EXTRACTED ENTRIES
-*-*-

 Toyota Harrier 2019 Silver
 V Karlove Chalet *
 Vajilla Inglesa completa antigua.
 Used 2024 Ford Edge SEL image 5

-*-*-

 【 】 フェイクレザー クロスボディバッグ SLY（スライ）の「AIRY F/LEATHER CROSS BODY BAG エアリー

-*-*-

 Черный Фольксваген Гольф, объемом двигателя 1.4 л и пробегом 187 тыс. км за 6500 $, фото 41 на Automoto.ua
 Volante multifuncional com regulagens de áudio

-*-*-

WHAT IS BEING ASKED
Above are the records; from them, give again exactly the lines from the one containing "Toyota Harrier 2019 Silver" through the one containing "Used 2024 Ford Edge SEL image 5", both included.

ANSWER SPACE
 Toyota Harrier 2019 Silver
 V Karlove Chalet *
 Vajilla Inglesa completa antigua.
 Used 2024 Ford Edge SEL image 5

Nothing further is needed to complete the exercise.